The majority of the Constitutional Court in decision no. U-I-83/20 on April 16th, 2020, did decide that the Government should on the basis of an expert opinion check every seven days whether the measures introduced are still necessary to achieve the objectives, and while considering professional reasons extend, amend, or abolish them, about this they must also inform the public. But how is the validity of a published regulation extended in the legal system? One possibility is that the regulation itself (in our case the Decree) does not have a set deadline for the automatic termination of such regulation and that the Government decided every so often on the basis of expert grounds whether to maintain such a Decree or amend or abolish it. If it decided to keep it in force, the Government does not need to adopt a special new identical regulation within the framework of this technique and publish it in the Gazette instead of the (still valid) old one. The old regulation which has been published in the Gazette is simply valid until it is replace by another regulation which is also published in the Gazette in the place of the old one. Therefore, if the Government decides to keep the old Decree in force, it does not have to publish anything in the Gazette itself. On the contrary, to publish something would mean that the Decree is no longer in force and that a new Decree becomes valid. This, however, is not an extension of the old regulation, but the replacement of the old Decree with a new one. Therefore, if the Government wants to “extend” the validity of the old Decree, which is one of the possibilities envisaged by the Constitutional Court in resolution no. U-I.83/20, it simply should not publish any new Decree in the Gazette and implements its decision, which is not a regulation, by adequately supporting it with the views of the profession, and with resolution no. U-I-83/20 in detail informs the public about them (and the consequent fact of further validity of the Decree from Gazette).

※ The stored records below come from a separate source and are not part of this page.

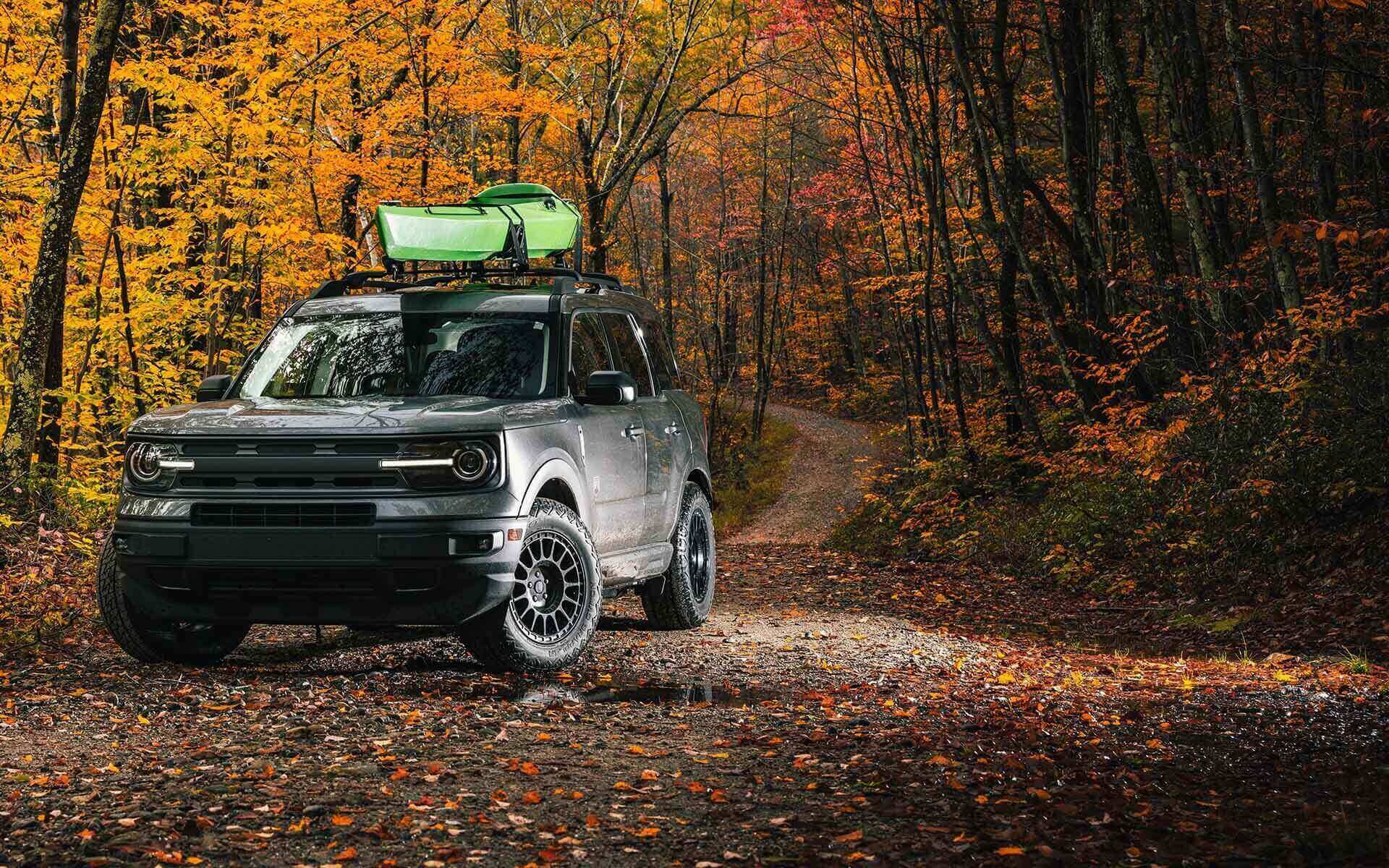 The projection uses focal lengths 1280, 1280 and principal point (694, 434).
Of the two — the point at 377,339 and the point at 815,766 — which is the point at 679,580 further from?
the point at 815,766

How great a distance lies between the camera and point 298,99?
17.8 metres

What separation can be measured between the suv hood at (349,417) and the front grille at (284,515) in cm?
39

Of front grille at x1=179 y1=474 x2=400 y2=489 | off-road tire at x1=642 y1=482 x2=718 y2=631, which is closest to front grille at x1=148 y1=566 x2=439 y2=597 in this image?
front grille at x1=179 y1=474 x2=400 y2=489

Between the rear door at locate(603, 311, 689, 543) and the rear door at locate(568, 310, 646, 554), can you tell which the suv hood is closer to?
the rear door at locate(568, 310, 646, 554)

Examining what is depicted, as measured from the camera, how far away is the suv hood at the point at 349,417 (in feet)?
22.7

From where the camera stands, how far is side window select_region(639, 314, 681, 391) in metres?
9.98

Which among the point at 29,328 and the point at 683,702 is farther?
the point at 29,328

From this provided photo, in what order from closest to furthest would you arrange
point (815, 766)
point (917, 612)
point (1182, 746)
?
point (815, 766) < point (1182, 746) < point (917, 612)

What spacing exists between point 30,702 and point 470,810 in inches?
125

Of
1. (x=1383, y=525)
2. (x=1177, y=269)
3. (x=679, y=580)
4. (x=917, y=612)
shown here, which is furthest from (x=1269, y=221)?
(x=679, y=580)

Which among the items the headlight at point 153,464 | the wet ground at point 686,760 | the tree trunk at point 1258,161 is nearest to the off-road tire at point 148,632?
the wet ground at point 686,760

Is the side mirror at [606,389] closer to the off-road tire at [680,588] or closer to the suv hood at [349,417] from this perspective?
the suv hood at [349,417]

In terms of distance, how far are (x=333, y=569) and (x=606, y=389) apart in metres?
2.07

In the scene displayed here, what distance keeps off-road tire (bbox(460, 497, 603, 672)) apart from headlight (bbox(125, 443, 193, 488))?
183 centimetres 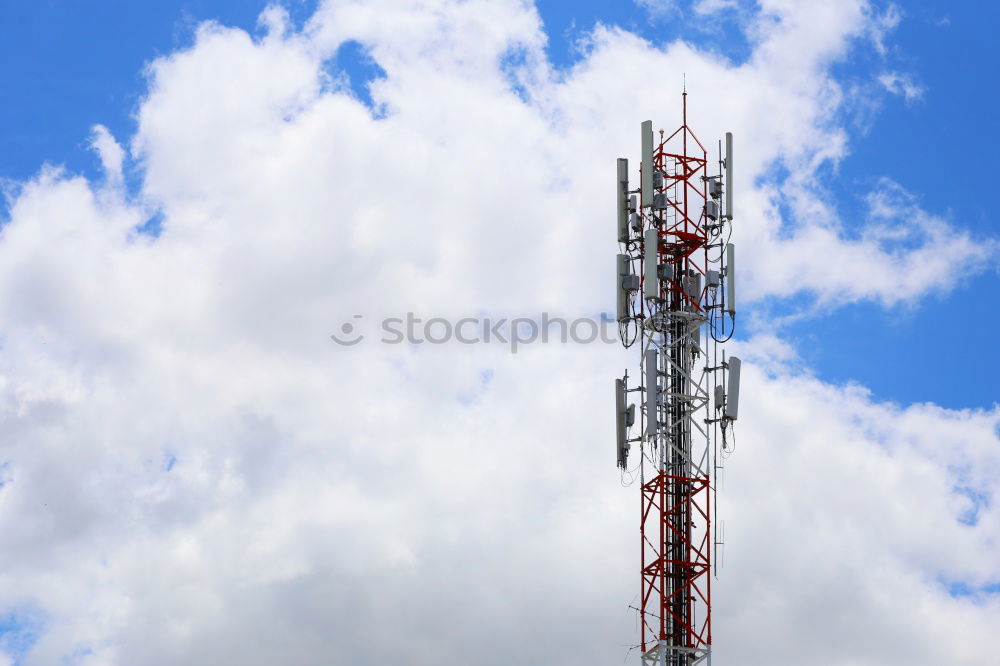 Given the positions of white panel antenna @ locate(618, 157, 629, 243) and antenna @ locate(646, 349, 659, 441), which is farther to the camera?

The case of the Government Decree was an obvious example of the first and not the second technique of extending the validity of regulations

All the above applies because within the framework of this legal technique, the Decree did not contain an explicit date of automatic termination, and therefore it can only be amended or replaced by publishing a new one in the Gazette, and its validity can be extended by not interfering with the Gazette. The second possibility or legal technique of extending regulations (in our case the Decree) is such that the Government determines in the Decree itself that the latter is valid only until a specific date, additionally explained Jaklič. In the context of this technique the decree would, for example, contain a provision that is valid only for seven days from its publication in the Gazette. In this case, and only with this renewal technique, the Government should adopt a new regulation every seven days, even if it is identical in substance to the old one, and publish it in the Gazette. It is therefore clear from what has been described where the majority of the Constitutional Court made a mistake. In too much haste or perhaps excessive desire – the latter would be immeasurably worse according to Jaklič, they too quickly assumed that the validity of regulations could be extended only through the second, and not the first, legal technique. “But this is not true. On the contrary, the first technique is quite common and recognised in legal systems. The case of the Government Decree was obviously an example of the first and not the second technique of extending the validity regulations, as it did not contain any deadline in its provision at which it would automatically expire,” the constitutional judge criticised the Constitutional Court’s decision.